Induvidosamente. E aqui, cabe um esclarecimento: a tarefa não é maior que a nossa capacidade de cumpri-la. De acordo com a Doutrina Espírita, o Criador não confere à criatura o cumprimento de determinada tarefa, sem provisionar os meios para que ela seja cumprida. O desafio é que coloquemos a tarefa acima dos interesses pessoais, das exigências descabidas do ego. Penso que esta é uma das acepções da já citada frase: “É necessário que Ele [o Cristo] cresça e que eu diminua” (João, 3:30). Na minha opinião, o fator prejudicial é a vaidade. Afirmo isso com base no capitulo XXVIII de O Evangelho segundo o Espiritismo – “Coletânea de preces espíritas”. Embora se refiram aos médiuns, entendo que as orientações são cabíveis aos trabalhadores em geral. Eis alguns trechos, cujos destaques são meus: “Se as suas comunicações [mediúnicas] receberem elogios, não se envaidecerá com isso, porque as sabe independentes do seu mérito pessoal; [...]” (item IX, p. 484). No item X – onde se encontra a prece propriamente dita – também é destacada a necessidade de o tarefeiro combater a vaidade: “Se for tentado a cometer abuso, no que quer que seja, ou a me envaidecer da faculdade que te aprouve [a Deus] conceder-me, peço que ma retires, de preferência a consentires que ela seja desviada do seu objetivo providencial, que é o bem de todos e o meu o próprio avanço moral” (p. 484). No que respeita ao fator benéfico, penso que é a capacidade de compreender e se esforçar para colocar em prática esta frase, de Kardec, que está no capítulo XVIII – “Muitos os chamados, poucos os escolhidos” – de O Evangelho segundo o Espiritismo, item XII, p. 333: “O primeiro cuidado de todo espírita sincero deve ser o de procurar saber se, nos conselhos que os Espíritos dão, alguma coisa não há que lhe diga respeito”.  

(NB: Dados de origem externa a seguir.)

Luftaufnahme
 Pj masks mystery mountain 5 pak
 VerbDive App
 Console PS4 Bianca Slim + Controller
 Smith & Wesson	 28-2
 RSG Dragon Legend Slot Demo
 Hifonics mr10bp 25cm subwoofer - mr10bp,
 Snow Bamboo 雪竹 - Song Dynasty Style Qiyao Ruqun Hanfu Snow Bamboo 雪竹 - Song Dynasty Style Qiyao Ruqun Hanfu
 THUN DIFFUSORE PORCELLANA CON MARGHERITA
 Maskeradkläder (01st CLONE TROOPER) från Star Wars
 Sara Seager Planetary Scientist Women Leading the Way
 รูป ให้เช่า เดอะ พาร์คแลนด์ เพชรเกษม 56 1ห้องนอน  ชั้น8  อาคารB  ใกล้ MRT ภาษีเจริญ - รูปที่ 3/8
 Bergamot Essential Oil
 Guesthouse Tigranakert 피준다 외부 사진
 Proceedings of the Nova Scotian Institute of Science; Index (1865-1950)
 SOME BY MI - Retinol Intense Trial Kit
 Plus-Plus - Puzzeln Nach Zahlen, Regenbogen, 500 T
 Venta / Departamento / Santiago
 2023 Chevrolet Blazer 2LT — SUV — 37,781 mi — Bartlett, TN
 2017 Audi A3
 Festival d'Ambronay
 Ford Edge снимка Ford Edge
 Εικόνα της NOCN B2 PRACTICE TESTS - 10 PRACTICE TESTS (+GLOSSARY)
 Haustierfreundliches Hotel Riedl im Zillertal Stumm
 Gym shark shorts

Algo mais que gostaria de acrescentar? 

Penso que toda atividade espiritual é, em sentido amplo, impessoal. Por exemplo: quando um trabalhador espírita vai proferir uma palestra, há todo um trabalho, realizado pela Espiritualidade Maior, anterior e concomitantemente à explanação. Daí que a palestra é apenas parte de um trabalho coletivo mais amplo. Neste cenário, creio que trabalhadores cônscios do papel que exercem (e de que são apenas peças de uma grande engrenagem) tendem a evitar dissensões e, caso elas ocorram, colocam o interesse do grupo e/ou Centro Espírita acima do seu próprio interesse. São esses os que dizem, aos companheiros de tarefa, esta frase: “Trabalhemos juntos e unamos os nossos esforços, a fim de que o Senhor, ao chegar, encontre acabada a obra” (O Evangelho segundo o Espiritismo, cap.XX, item V, p.356).  

Suas palavras finais. 

Vivemos um período sobremodo desafiador, em que tudo é mais intenso: a intolerância, o egoísmo (e seus consectários...), a maldade, o despautério, o desrespeito à própria integridade corporal, maus tratos de animais etc. Por outro lado, nunca houve tantas pessoas preocupadas com o meio ambiente, com a saúde mental do ser humano, com a dignidade dos animais etc. Soa contraditório esse estado de coisas, mas faz parte do processo natural de mudança que vem ocorrendo em nosso planeta. Diante deste contexto, penso que nossa responsabilidade é muito grande, em face de todo acervo de informações de que somos portadores. Por isso, nada mais recomendável a nós do que o esforço constante para efetuar o que Kardec já efetuara no século XIX: a substancial transformação interior, pois que somente ela proporciona o que Wallace Leal V. Rodrigues, no prefácio da obra Viagem Espírita em 1862, chamou de “mágica interação”, isto é, “... a criatura vivendo no Espiritismo, o Espiritismo vivendo na criatura”. Deixo o meu abraço a todos os colaboradores da revista O Consolador e votos de paz e progresso, em todos os sentidos! Muito obrigado!